当時のフランス語学の先⽣全員にお会いして、⼀番話がおもしろいと感じた敦賀陽⼀郎(つるが・よういちろう)先⽣(本学名誉教授)のゼミを選びました。実は私が今いるこの研究室は、敦賀先⽣の研究室でした。先⽣は具体的な例をしっかり⾒ていくような研究⽅法を取られていたのですが、それが今の私の研究の基盤にもなっています。

フランスへの留学

―――在学中にフランスへの留学はされましたか。

学部の時も修⼠の時も⾏かず、博⼠課程の3年時に初めて⾏きました。資⾦⾯の問題と、今よりも派遣留学の枠がとても狭かったということがあり、それまで⾏きませんでした。⾏ってからは15年ほどずっとフランスに住んでいたので、留学というよりは移⺠のような⽣活を送っていました。

―――実際にフランスへ⾏ってみて驚いたことや、とくに印象に残っていることはありますか。
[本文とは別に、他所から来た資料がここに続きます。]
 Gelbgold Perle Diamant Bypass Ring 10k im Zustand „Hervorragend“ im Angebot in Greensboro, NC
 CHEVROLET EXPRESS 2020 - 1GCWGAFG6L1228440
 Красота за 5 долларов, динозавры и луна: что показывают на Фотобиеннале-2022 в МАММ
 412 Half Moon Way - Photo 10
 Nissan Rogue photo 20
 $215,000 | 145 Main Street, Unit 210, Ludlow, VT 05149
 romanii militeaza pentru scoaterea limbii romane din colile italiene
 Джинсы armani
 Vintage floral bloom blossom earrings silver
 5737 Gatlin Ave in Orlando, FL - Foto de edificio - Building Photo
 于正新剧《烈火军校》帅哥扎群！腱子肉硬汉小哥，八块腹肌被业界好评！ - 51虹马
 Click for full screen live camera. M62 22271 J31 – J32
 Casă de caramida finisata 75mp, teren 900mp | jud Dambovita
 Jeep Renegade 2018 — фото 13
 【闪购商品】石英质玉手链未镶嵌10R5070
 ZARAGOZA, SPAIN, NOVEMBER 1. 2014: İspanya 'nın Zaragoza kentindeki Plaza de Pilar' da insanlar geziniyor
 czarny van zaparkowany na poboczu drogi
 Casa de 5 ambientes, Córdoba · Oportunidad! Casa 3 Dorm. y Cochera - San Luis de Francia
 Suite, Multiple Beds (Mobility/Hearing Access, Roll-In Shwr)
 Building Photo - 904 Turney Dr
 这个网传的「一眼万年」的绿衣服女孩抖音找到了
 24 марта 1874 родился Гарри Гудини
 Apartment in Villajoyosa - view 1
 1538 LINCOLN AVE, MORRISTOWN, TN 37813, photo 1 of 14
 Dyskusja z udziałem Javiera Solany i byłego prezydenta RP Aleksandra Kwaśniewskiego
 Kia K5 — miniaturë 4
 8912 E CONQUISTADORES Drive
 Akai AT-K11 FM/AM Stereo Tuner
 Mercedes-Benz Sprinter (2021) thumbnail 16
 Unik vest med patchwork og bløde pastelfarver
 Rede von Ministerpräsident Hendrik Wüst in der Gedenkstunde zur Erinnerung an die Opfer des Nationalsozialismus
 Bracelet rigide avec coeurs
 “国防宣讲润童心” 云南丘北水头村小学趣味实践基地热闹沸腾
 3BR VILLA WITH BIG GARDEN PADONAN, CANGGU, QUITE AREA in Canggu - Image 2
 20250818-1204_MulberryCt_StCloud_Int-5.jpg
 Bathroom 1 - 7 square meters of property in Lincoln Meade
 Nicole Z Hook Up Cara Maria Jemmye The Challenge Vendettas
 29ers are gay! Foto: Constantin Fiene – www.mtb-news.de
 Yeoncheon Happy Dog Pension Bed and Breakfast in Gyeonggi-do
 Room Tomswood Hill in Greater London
もうそのようなことばかりでしたね。ちょっとしたことでもすべて驚きになるからこそ楽しかったです。コーヒーの飲み⽅や朝⾷のメニュー、野菜の⼤きさなど⽣活の⼀瞬⼀瞬が⽇本とは違うので、どの瞬間も刺激的でした。そのようなことがストレスになる場合もありますが、やはり新しいことからは多くの学びが得られます。

留学時代の友⼈とパーティ。私が巻き寿司を作りました。

―――フランス語を学ぶ中で苦労したことはありますか。

とくに最初のうちはフランス語が全然できませんでした。話したり聞いたりがずっと苦⼿で、それがコンプレックスで留学が遅かったというのもあります。⾃分でフランス語ができると思ったことはないです。実際にフランスへ⾏ってから伸びたと感じています。

―――克服するためにどのような努⼒や⼯夫をされましたか。

語学の勉強は⽬に⾒えて上達する⼈もいますが、基礎が⾝についていてもそこからなかなか上達しない⼈もいます。伸びるためには何かきっかけが必要で、たとえば現地に⾏って⾔葉を使ってみることでコツを掴み、そのコツが分かれば⼀気に伸びていきます。私も⽇本で10年近くやってもうまくいかず悩んでいたのですが、フランスへ⾏ってわずか半年で⼀番難しい資格試験に合格しました。今思えばきっかけが⼤事だったのだと思います。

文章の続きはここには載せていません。